RuscaRL utilizes a dual approach to integrate rubric-based scaffolding:

  1. Explicit Scaffolding: During rollout generation, rubrics guide response generation by providing external task instructions with varying levels of detail through intra-group differentiation. Inter-step scaffolding decay then gradually reduces reliance on this external guidance, encouraging the model to internalize the reasoning processes.
  2. Verifiable Reward System: The rubric-based reward mechanism employs an LLM as a grader to assess responses using checklists that capture multiple aspects of solution quality. This approach provides robust feedback signals suitable for complex reasoning tasks which lack a single verifiable answer.

Implementation Details

RuscaRL employs Group Relative Policy Optimization (GRPO) as its core RL algorithm to train LLMs using rubric-based rewards. The advantage of GRPO lies in its ability to eliminate the need for a value model by leveraging group-based advantage estimation, optimizing policy updates through a structured exploration of diverse high-reward responses.

To manage the exploration-exploitation trade-off, RuscaRL's scaffolding decay is controlled using a sigmoid function, which dynamically adjusts the scaffolding intensity based on training progression. This ensures that the model does not overfit due to prolonged scaffolding dependence and encourages the exploration of novel trajectories.

Experimental Results

RuscaRL demonstrates strong empirical performance across various benchmarks, significantly enhancing models like Qwen2.5-7B-Instruct and Qwen3-30B-A3B-Instruct. On HealthBench-500, RuscaRL achieves a marked improvement over baseline models, outperforming industry-leading LLMs such as OpenAI's counterparts. Figure 2

Figure 2

Figure 2: (Left) A conceptual illustration of exploration bottleneck and scaffolding. (Right) Performance comparison of different LLMs on HealthBench-500.
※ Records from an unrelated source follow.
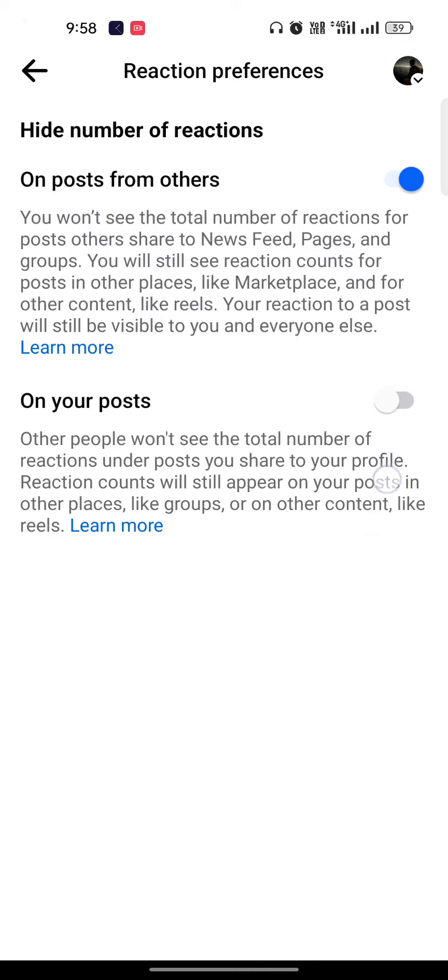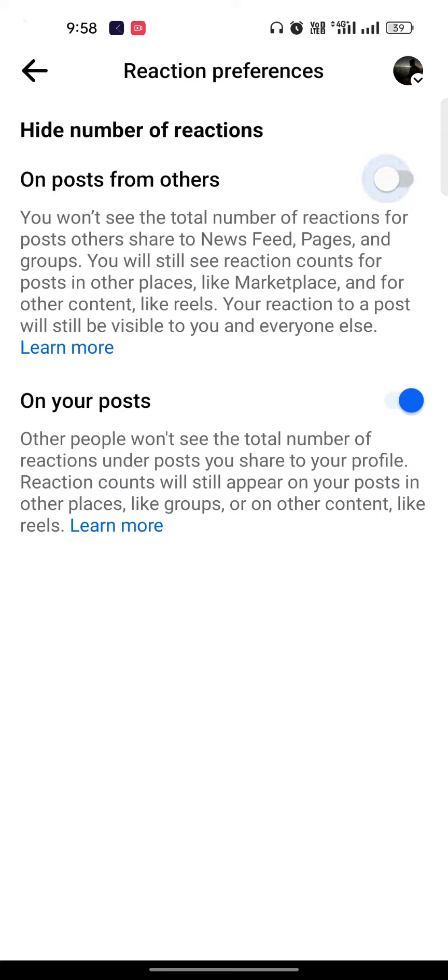If you just toggle off 'on your post', it means that the likes will get hidden in my personal post, whatever videos and photos which I upload. If you just toggle off this one, then it will turn off whatever the likes you are doing in the other post. So this is pretty easy guys.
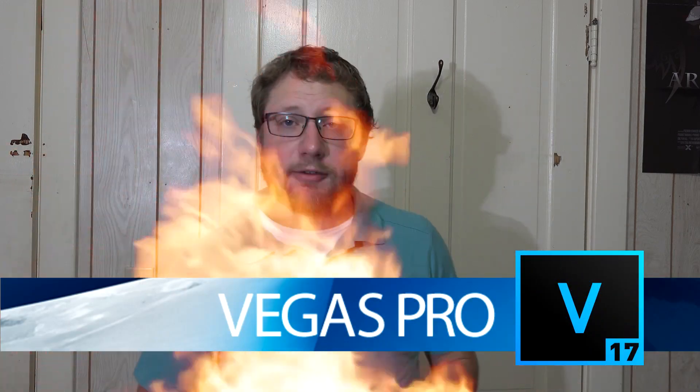Hey, this is Adam with Tech Dive. Today we're going to be talking about how to add fire to a project. Now notice I did not say green screen.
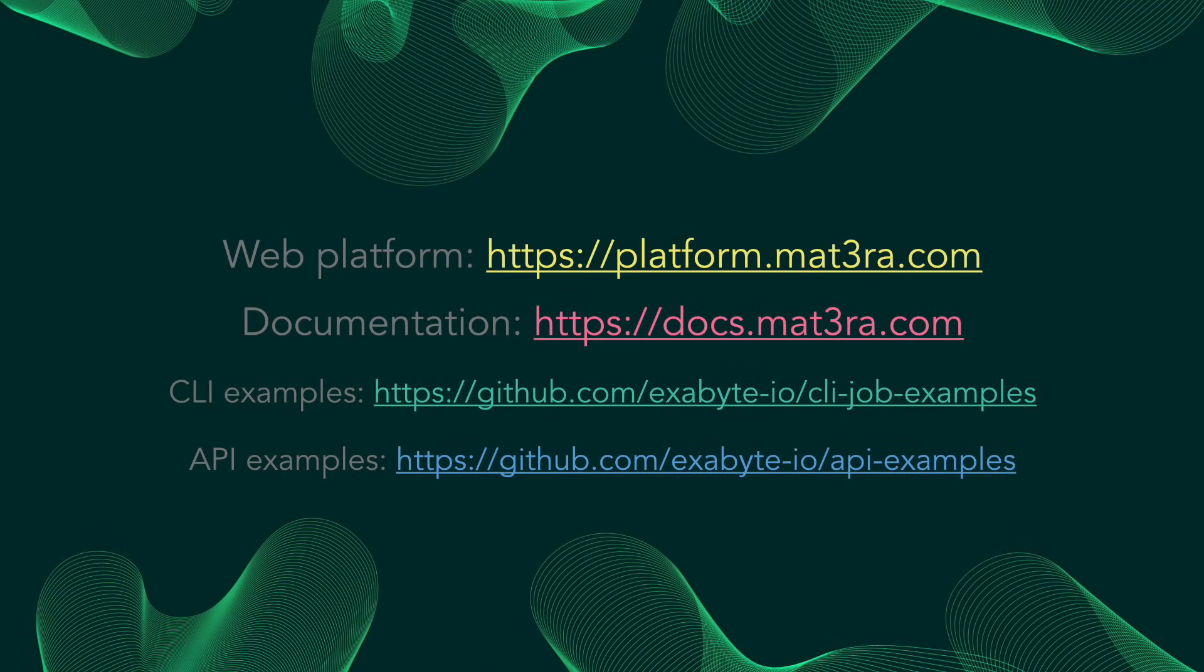That's all for this short platform introduction. Now it's your turn to explore more. Thank you for following along.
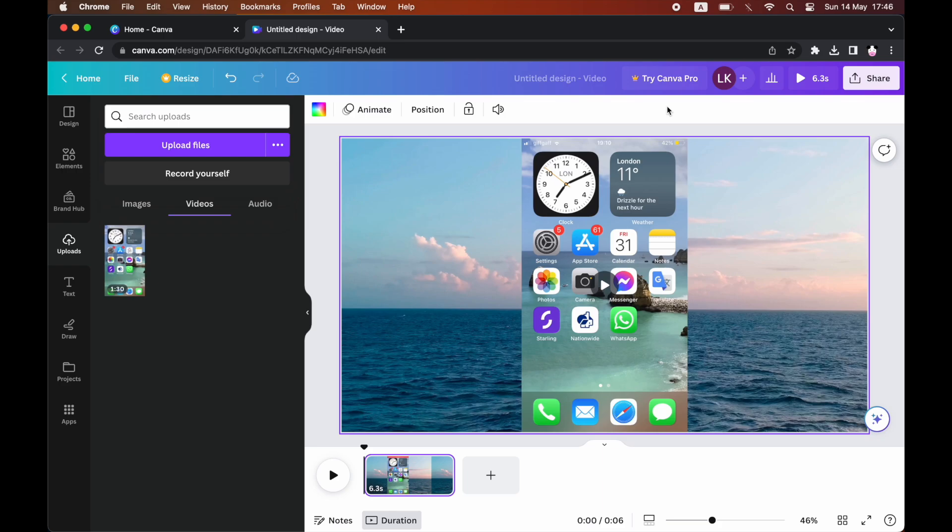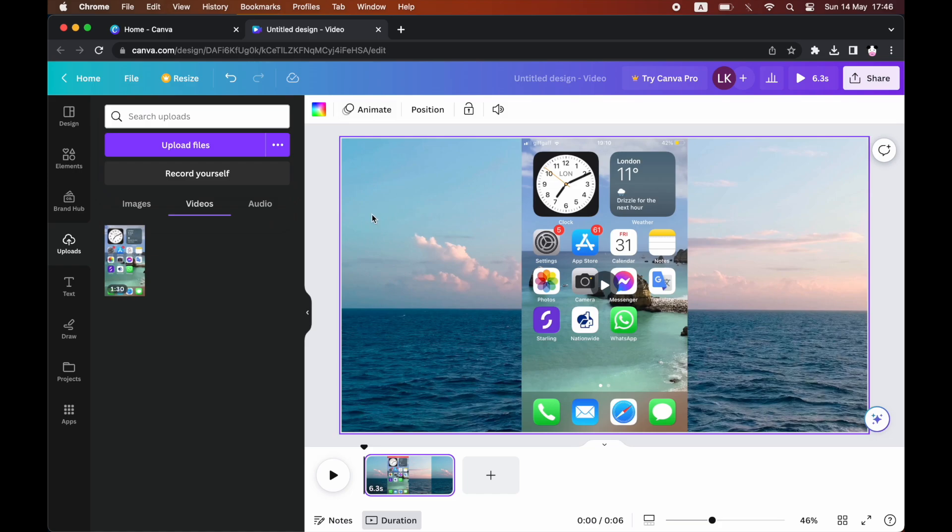So for instance, this one here has two separate videos, the one in the background with the sea, then the overlay of the phone there. So depending on what you want muted, you can go ahead and click on that one. So I'm going to do the phone screen.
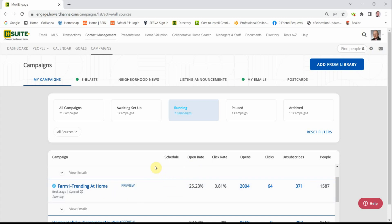I have a 25% open rate on my Trending at Home newsletter, which is actually pretty good. So if you have any questions, check in with your manager, your education department. Thanks.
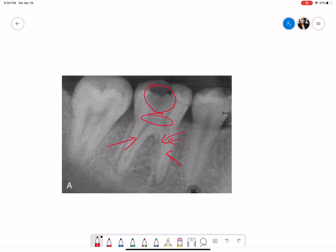The periodontal ligament space with both the roots is widened in the apical one-thirds. The lamina dura is continuous with both the roots, and the peri-radicular area especially with the distal root shows some amount of radiopacity, which is again a sign of sclerosis.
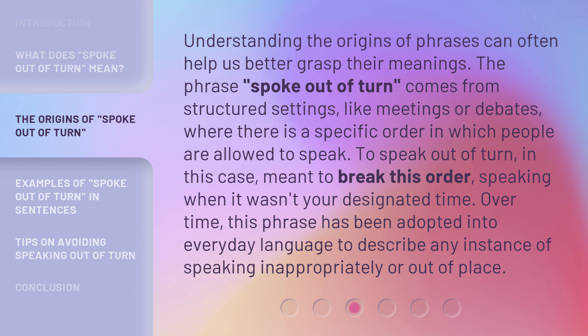Understanding the origins of phrases can often help us better grasp their meanings. The phrase 'Spoke Out of Turn' comes from structured settings, like meetings or debates, where there is a specific order in which people are allowed to speak. To speak out of turn meant to break this order, speaking when it wasn't your designated time. Over time, this phrase has been adopted into everyday language to describe any instance of speaking inappropriately or out of place.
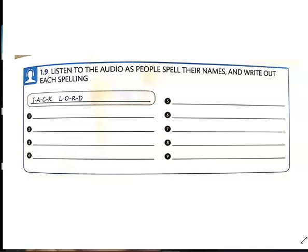Lewis. How do you spell that? L-e-w-i-s. Number three: my name's Jessica Adams. How do you spell your last name? It's a-d-a-m-s.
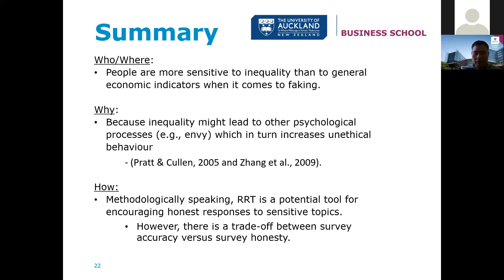Finally, methodologically speaking, RRT or Random Response Technique is one potential tool for encouraging honest responses to sensitive topics. Within that there is a trade-off between survey accuracy versus survey honesty. For the purposes of this study we thought it was better to get fewer honest usable items than 100% of items answered where you didn't know whether people were answering truthfully. It's a relatively straightforward technique. Thank you very much.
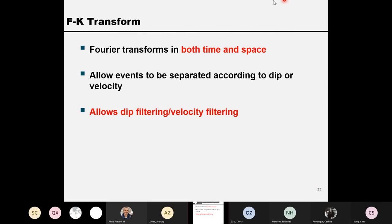The FK transform is basically a two-dimensional Fourier transform. One Fourier transform is with respect to time, and another one is with respect to space. So that's two-dimensional. The frequency spectrum is also two-dimensional: one axis is temporal frequency and the other axis is the spatial frequency, which we call K. So this is called the FK spectrum.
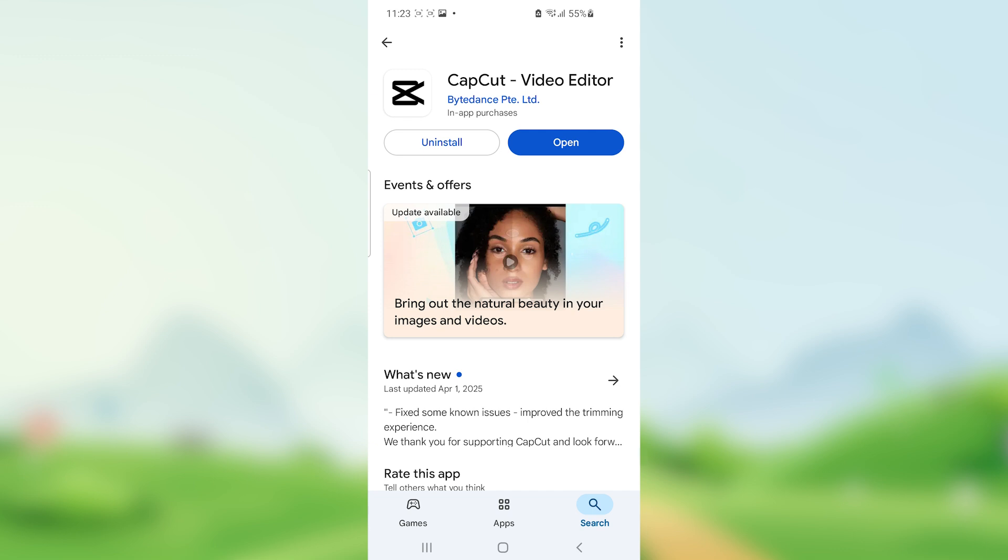Let me know in the comment section if this tutorial has helped you. Thank you so much for watching and see you next time.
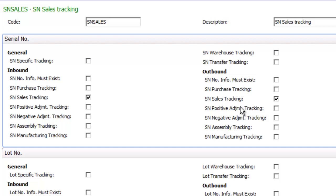A very minimal kind of serial number tracking might be just to track serial numbers on outbound sales so that we could receive into the warehouse, not track inventories during warehouse operations or even transfers, but when I sold the item, the system would request the serial number.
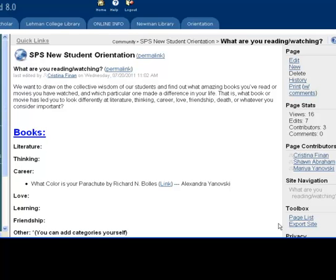A wiki differs from a blog in that a wiki is a complete website with many pages. You will have a home page and you will have dependent pages that will appear in the site navigation.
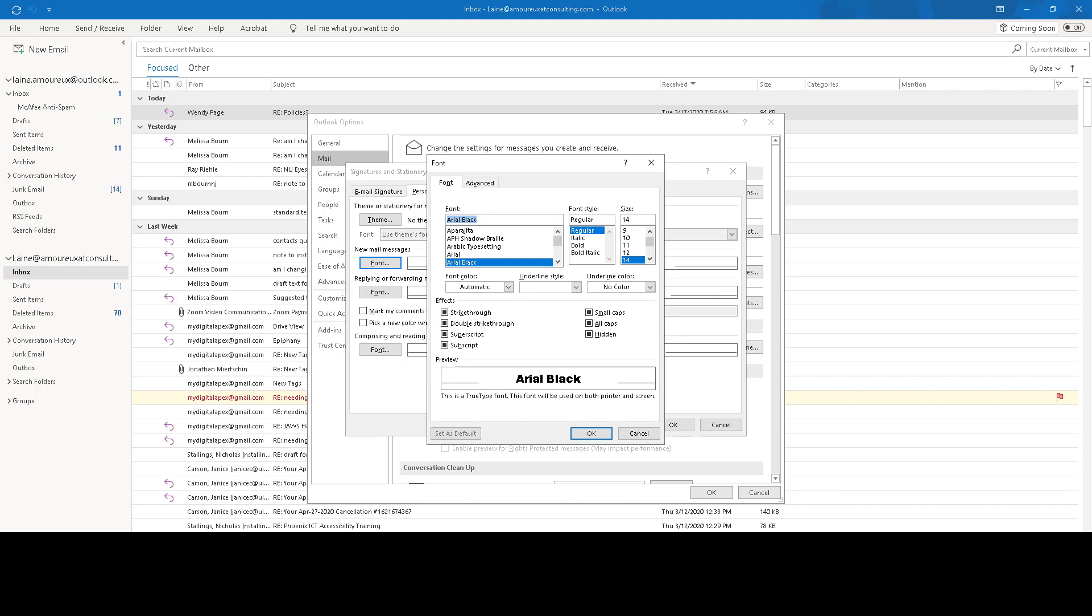Remember that the Sans Serif fonts, without the embellishments, are typically easier to read. And if you're not going to make all of your text bold, minimum font size for large text should be 18.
RuscaRL's structured approach to scaffolding not only facilitates faster convergence but also broadens the reasoning boundaries of the models, enabling them to achieve higher accuracy with fewer samples, as evidenced by improvements in both Best-of-N evaluation metrics and novelty scores derived from importance sampling.

Conclusion and Future Work

RuscaRL represents a significant advance in integrating instructional scaffolding into LLM training, enabling these models to overcome the exploration bottleneck traditionally impeding their reasoning capabilities. While demonstrating superior performance, the approach relies on high-quality rubric datasets and is sensitive to rubric design, highlighting the need for future work on developing broader and richer rubric datasets. Future research directions include extending RuscaRL to multi-modal tasks and enhancing its scaffolding strategies to further improve model generalization and robustness.